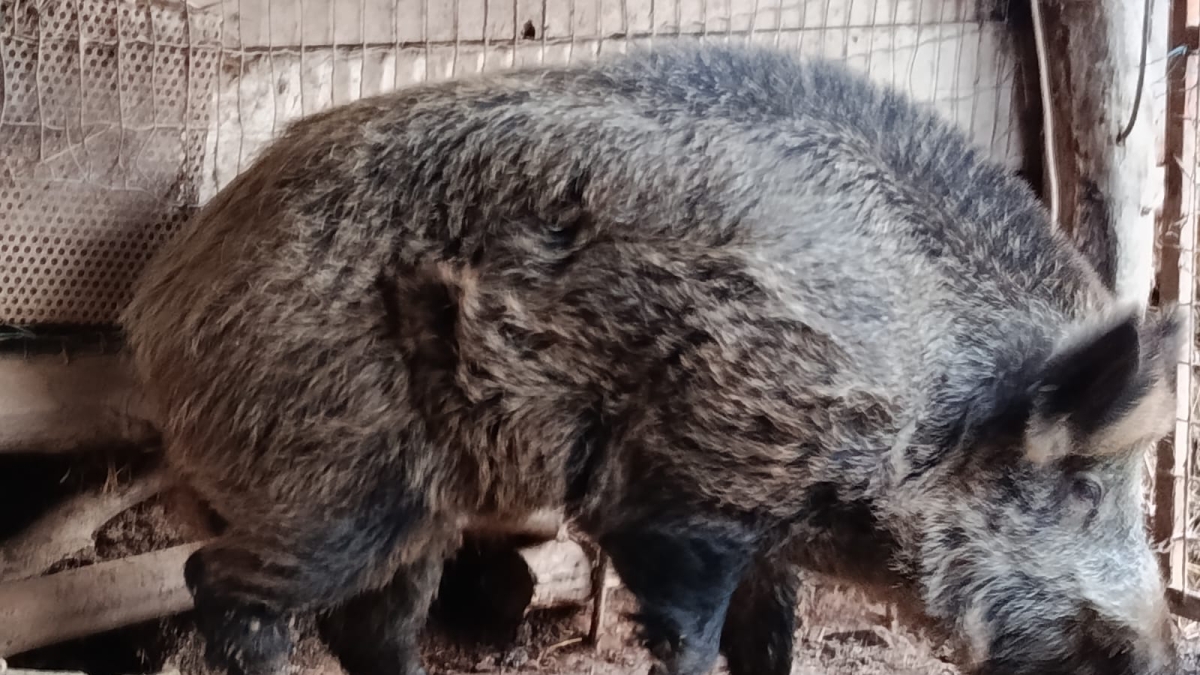 «Fattoria degli orrori» a Caldana: salvati un cinghiale tenuto legato alla catena per anni e 30 pecore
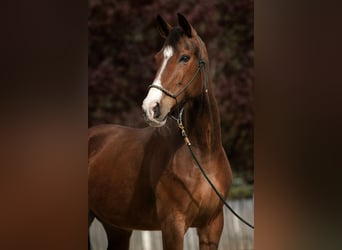 Hungarian Sport Horse, Mare, 10 years, 16.3 hh, Brown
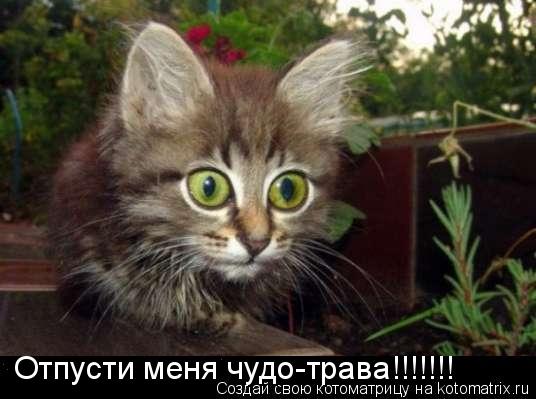 Отпусти меня чудо-трава!!!!!!!... Котоматрица: Отпусти меня чудо-трава!!!!!!!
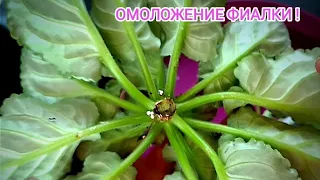 ПЕРЕУКОРЕНЕНИЕ ФИАЛКИ ! Как правильно это сделать.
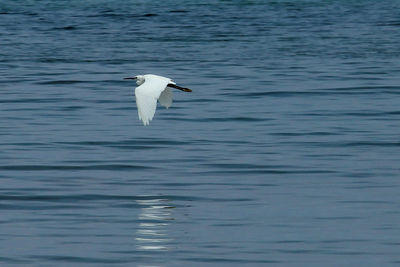 Birds in water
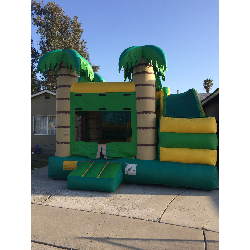 Tropical Bounce House w/ 9 foot slide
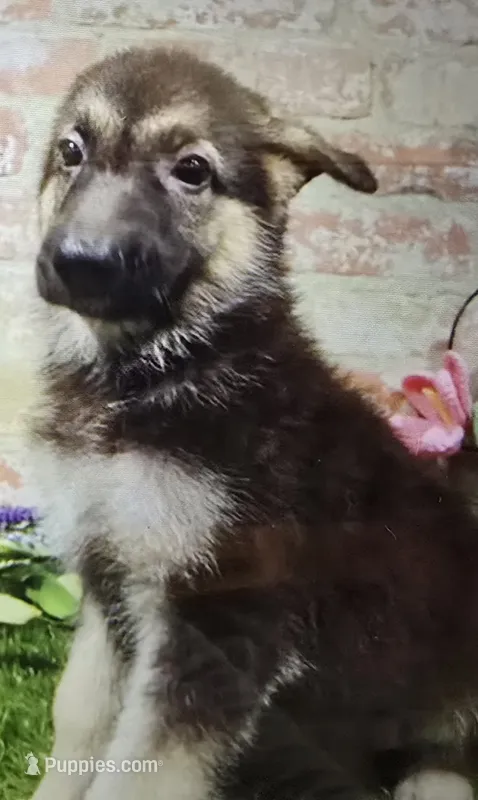 belinda – German Shepherd Dog puppy for sale in Donnellson, IA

== == ==

Work task
The lines running from the beginning of the listing above through the line that holds "Tropical Bounce House w/ 9 foot slide" are to be duplicated exactly, both ends kept, pictures omitted.

Written reply
 «Fattoria degli orrori» a Caldana: salvati un cinghiale tenuto legato alla catena per anni e 30 pecore
 Hungarian Sport Horse, Mare, 10 years, 16.3 hh, Brown
 Отпусти меня чудо-трава!!!!!!!... Котоматрица: Отпусти меня чудо-трава!!!!!!!
 ПЕРЕУКОРЕНЕНИЕ ФИАЛКИ ! Как правильно это сделать.
 Birds in water
 Tropical Bounce House w/ 9 foot slide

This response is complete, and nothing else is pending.